Le motif des poils, plumes et écailles repose sur des dynamiques de type réaction-diffusion de Turing, résultant d'interactions chimiques entre des morphogènes activateurs et inhibiteurs. Cependant, des études ex vivo ont révélé que l'auto-organisation périodique des appendices tégumentaires peut aussi impliquer des composantes mécaniques. Par exemple, l'agrégation et la contraction locales des cellules mésenchymateuses activent le développement des primordiums de plumes via la signalisation mécanosensible de la β-caténine. Chez le poulet, l'expression spatiale imbriquée de morphogènes dans le derme pourrait conférer des propriétés matérielles distinctes aux différents domaines tissulaires, entraînant ainsi la formation des primordiums de plumes par une instabilité élastique.
L'analyse d'embryons de crocodiles en développement a montré que leurs écailles de tête (couvrant le visage et les mâchoires), contrairement aux écailles du corps, forment des domaines polygonaux convexes irréguliers et non chevauchants, constitués d'une peau hautement kératinisée. Au lieu d'émerger de placodes régies par un motif chimique de type réaction-diffusion et un possible rétrocontrôle mécanique, ces écailles de tête semblent résulter d'un processus purement mécanique, évoquant la fissuration d'un matériau. Une hypothèse spéculative suggère que la prolifération des cellules cutanées pourrait être fortement couplée aux tensions mécaniques engendrées par la croissance rapide du squelette embryonnaire des mâchoires. Plus précisément, toute pliure locale induite par une prolifération sous tension redistribuerait le stress mécanique à ses extrémités, entraînant une propagation en cascade du stress, d'un maximum local de prolifération et de l'avancée des plis, de manière similaire à une fissuration progressive. Cependant, en raison des difficultés expérimentales liées aux embryons de crocodile, ni cette hypothèse ni d'autres hypothèses mécaniques alternatives n'ont été testées "

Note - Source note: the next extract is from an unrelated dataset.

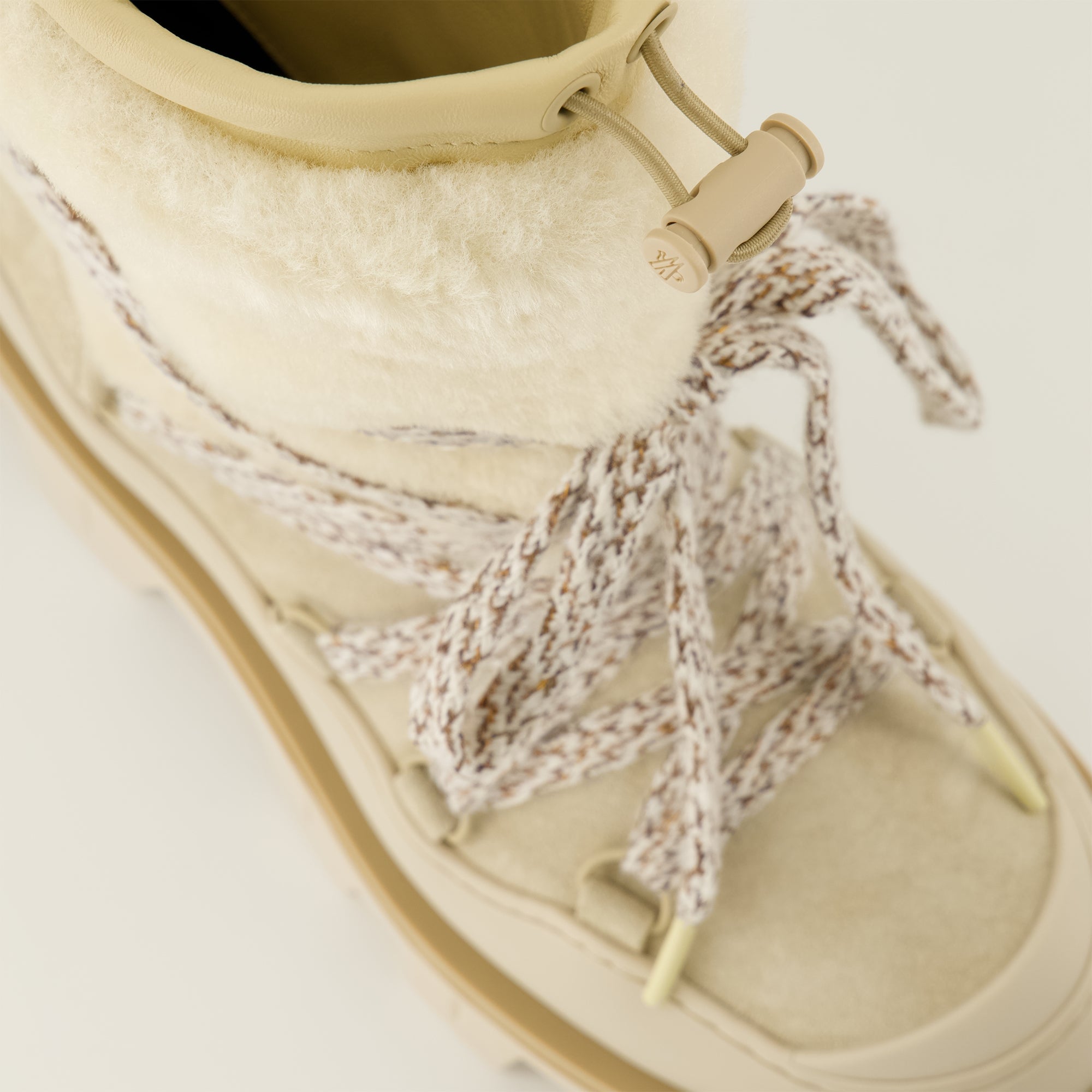 Image of the Moncler Peak suede and shearling boots for Women - Fall-Winter 2025 season - Detailed top view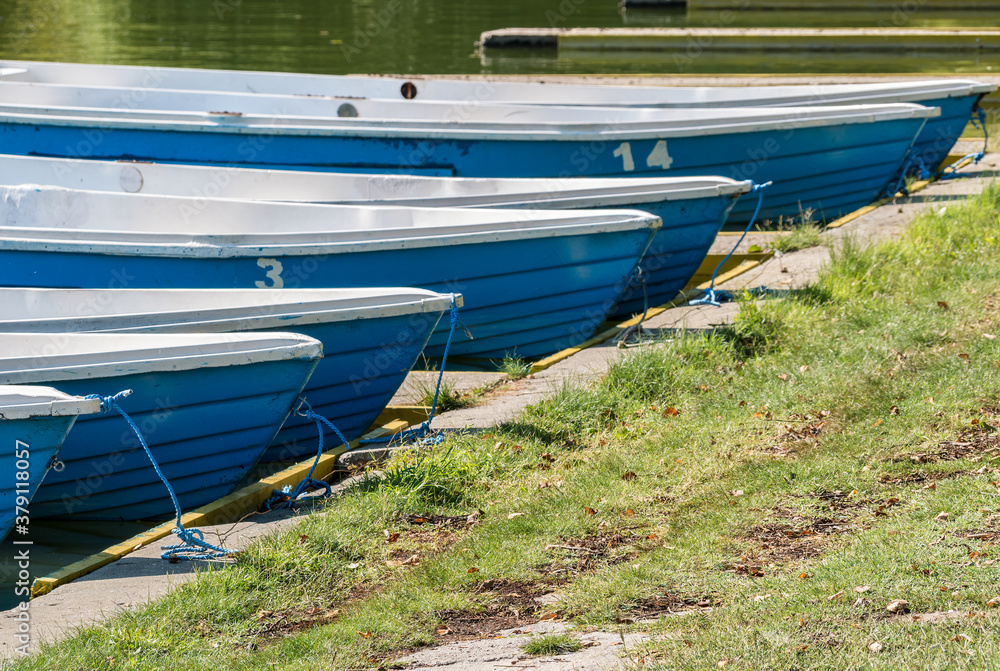 Many blue boats with numbers aligned at the pier in Alexandru Ioan Cuza Park, Bucharest Many blue boats with numbers aligned at the pier in Alexandru Ioan Cuza Park, Bucharest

alternatifs n'ont été testés." Traduction de (Santos-Durán, et al., 2025) encourage le lecteur à aller vérifier dans l'article d'origine : ici::
Comment ont-ils procédé ?
"à l'aide d'expériences in vivo et de simulations numériques, nous invalidons l'hypothèse de croissance locale induite par la tension et montrons que les bords des écailles de la tête du crocodile sont en réalité des plis cutanés internes générés par un stress compressif dans le plan de la peau, résultant d'une croissance rapide et quasi homogène de la peau.
Tout d'abord, nous avons traité des embryons de crocodile du Nil (Crocodylus niloticus) en développement avec des injections intraveineuses in ovo de facteur de croissance épidermique (EGF) afin d'exacerber la différenciation épidermique (et donc sa rigidité effective) ainsi que sa croissance, perturbant ainsi la mécanique sous-jacente à la formation des écailles de la tête. En quantifiant ces effets à l'aide de la microscopie à fluorescence par nappe de lumière (LSFM), nous avons observé que ce traitement entraîne l'apparition de motifs cutanés fortement plissés chez les embryons. Lorsque le traitement est arrêté à un stade embryonnaire précis, ce réseau de plis se détend partiellement pour former un motif d'écailles polygonales plus petites à l'éclosion, rappelant fortement celui des caïmans.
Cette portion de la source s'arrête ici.